The top earners to put forth this narrative are; Into the Spiderverse, Spiderman No Way Home, Multiverse of Madness, Everything, Everywhere All at Once, and Matrix Resurrections. Notably, most were released after 2015, and clearly, they’ve struck a chord. As many political issues decades in the making come to a head, and once-in-a-lifetime events happen kind of… a lot, people have been asking, “what if” and “how did I end up in this reality?”

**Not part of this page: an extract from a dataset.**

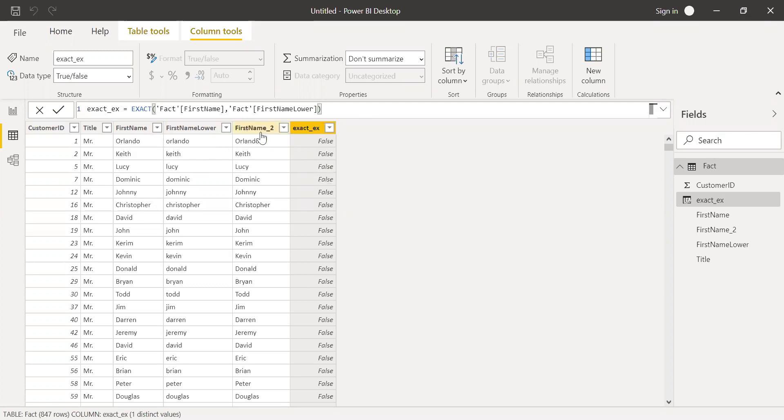And let's compare first name with first name 2. Both the letters are same. The characters are same. And now let's try to do this.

At the beginning of “MoM,” both Wanda and Dr. Strange are on the outside looking in at the life they want but can’t have. Dr. Strange moves inward out of fear of loss, while Wanda is determined to solve her loss by any means necessary. What they both learn is to let go of an alternate reality. A similar scenario can be seen in Spiderman No Way Home. Both where Andrew Garfield redeems himself from his universe in Tom Holland’s and Tom saving his friends by losing them. Andrew finds redemption in knowing a version of himself has what he can’t and moves forward, while Tom accepts a similar fate and starts from scratch. Into the Spiderverse, Peter B. Parker, through his reluctant mentorship of Miles Morales, rediscovers that fear of loss should not prevent you from trying.The Matrix franchise has always been a story about living in an alternate reality. Yet, in the 2021 reboot, Neo is disillusioned with his perfect life in the Matrix because of a missing inner need that only real love could awaken. Everything, Everywhere All at Once is a story about combating nihilism and finding beauty in the present rather than being lost in the road not taken.

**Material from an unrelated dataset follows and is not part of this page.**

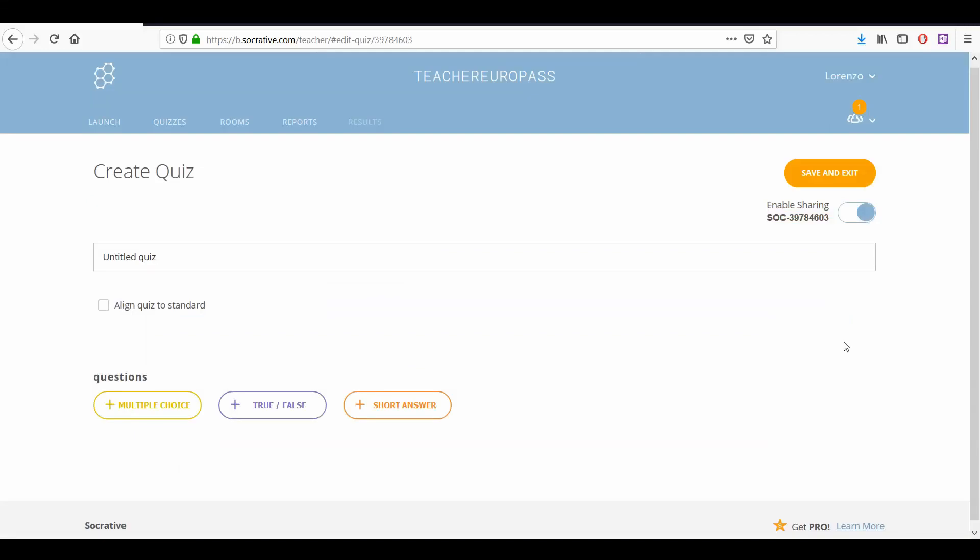In your create a quiz page, the first thing you have to do is give your exercise or quiz a title so later you can recognize and find it easily.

These films remind us of the saying, “the grass is always greener on the other side of the fence.” We want to dream walk or VR into a reality where we have powers. Or are still with lost loved ones. Where we are rich or chose a different job or a different partner. Perhaps someone else had won an election, or we all have electric cars, and Google Glasses took off. The reductionist viewpoint would be classic escapism. But I argue the answer is much more hopeful. Yes, I chose a Marvel movie to tune out, but the catharsis wasn’t found in alternate universe cameos but in the resolutions. The characters did not overcome their circumstances, more often than not they ended up alone. The victory wasn’t external but internal. Yes, I cheered when Andrew caught Zendaya’s MJ, but Emma Stone’s Gwen is still gone. The catharsis isn’t that our heroes won but that they moved forward.

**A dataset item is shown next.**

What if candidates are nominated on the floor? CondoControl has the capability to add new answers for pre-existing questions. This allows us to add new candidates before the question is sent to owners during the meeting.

We are yearning for guidance and hope from our films. Trying to believe that if our heroes can overcome, so can we. If they can choose to return to their broken reality, move on, change, and start over, we can look around and find the strength to water our grass. If we spend our energy consumed by what should have happened and rage against our black mirrors that everything is wrong, we will get bitter, not better. There is hope that something broken or lost was something worth having. As we watch our superheroes return to their reality to try, perhaps it’s time we did the same, one historic event at a time.